Lullaby to my father. Amos Gitaï. France-Israel-Suisse, 2012, 82 minutes.
Amos Gitaï, comme beaucoup de cinéastes documentaristes, s’implique personnellement dans ses documentaires, par sa présence à l’écran notamment. Dans Lullaby to my father, qui est comme son titre l’indique un film basé sur des données autobiographiques, il n’apparaît cependant pas à l’image et l’ensemble du film donne l’impression de pouvoir être fait par tout autre cinéaste que le fils du père dont il est question. Cette distanciation extrême est sans doute due au fait que le père disparu depuis quelques années au moment de la réalisation du film, ne peut qu’être absent des images – à moins d’utiliser des archives, ce que Gitai a explicitement refusé de faire ici. Père absent, Fils absent ? La mère, elle, sera « jouée » une actrice et les textes du père seront aussi lus par le cinéaste lui-même.

Le père est absent visuellement, mais il occupe tout le film, ce qui donne aussi à lire, en creux, le rapport père-fils. Ce rapport n’est cependant pas abordé dans sa dimension familiale. Il s’inscrit clairement dans une dimension qui dépasse le cadre de la famille, une dimension à la fois professionnelle et historique.
C’est là la grande originalité du film. Sa difficulté d’approche aussi. Le père du cinéaste, Munio, est présenté à travers un parcours qui n’a de sens que parce qu’il s’inscrit dans l’histoire de l’Europe du XX° siècle. De la Pologne natale avant guerre, jusqu’à Israël avant même la création de L’État juif, en passant par l’expulsion de l’Allemagne et l’exil en Suisse, c’est le sort de juifs qui ont échappé à l’holocauste qui est ici retracé. Le deuxième volet du personnage de Munio concerne l’architecture. Élève du Bauhaus avant guerre, toute son activité professionnelle et artistique se déroulera dans le cadre de cette formation. La référence au Bauhaus est d’ailleurs omniprésente dans le film.
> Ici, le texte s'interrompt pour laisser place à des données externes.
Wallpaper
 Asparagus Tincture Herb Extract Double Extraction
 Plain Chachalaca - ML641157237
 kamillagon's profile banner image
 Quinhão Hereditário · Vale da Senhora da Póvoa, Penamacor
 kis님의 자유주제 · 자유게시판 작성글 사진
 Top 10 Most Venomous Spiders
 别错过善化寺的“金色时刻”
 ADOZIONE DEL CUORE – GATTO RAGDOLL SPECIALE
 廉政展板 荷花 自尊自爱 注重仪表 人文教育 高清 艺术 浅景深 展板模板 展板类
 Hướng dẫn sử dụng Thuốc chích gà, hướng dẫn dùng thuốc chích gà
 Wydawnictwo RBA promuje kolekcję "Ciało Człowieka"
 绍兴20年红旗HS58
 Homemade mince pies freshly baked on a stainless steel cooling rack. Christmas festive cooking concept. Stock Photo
Lullaby to my father utilise des photos comme images d’époque. Il filme Dessau aujourd’hui pour y retrouver la trace du Bauhaus. Il met en scène, avec des acteurs, des scènes théâtrales qui, par leur côté non documentaire au sens habituel du terme, et même extrêmement fictionnelle, vont au-delà de la fiction pour atteindre à une valeur de document. La séquence du jugement de Munio est à cet égard exemplaire. Elle a bien une dimension documentaire à travers la lecture du texte des chefs d’accusation : trahison envers le peuple. Mais le jeu du juge, sa diction outrancière, les coups de marteau dont il jalonne son discours n’ont rien de réalistes. On pourrait même dire qu’ils sont du mauvais théâtre, trop caricatural pour être crédible. Mais c’est justement dans ce trop que se déploie la dimension spécifiquement cinématographique du film. Nous ne sommes pas au théâtre, mais au cinéma. Nous ne sommes pas dans une représentation du réel, nous sommes dans une interprétation artistique de l’Histoire.

Hommage à son père, le film de Gitai est aussi un hommage au Bauhaus, dont il fait revivre en images les valeurs, ces valeurs humanistes que le nazisme a essayé de détruire. Dans le cinéma de Gitai elles sont bien vivantes.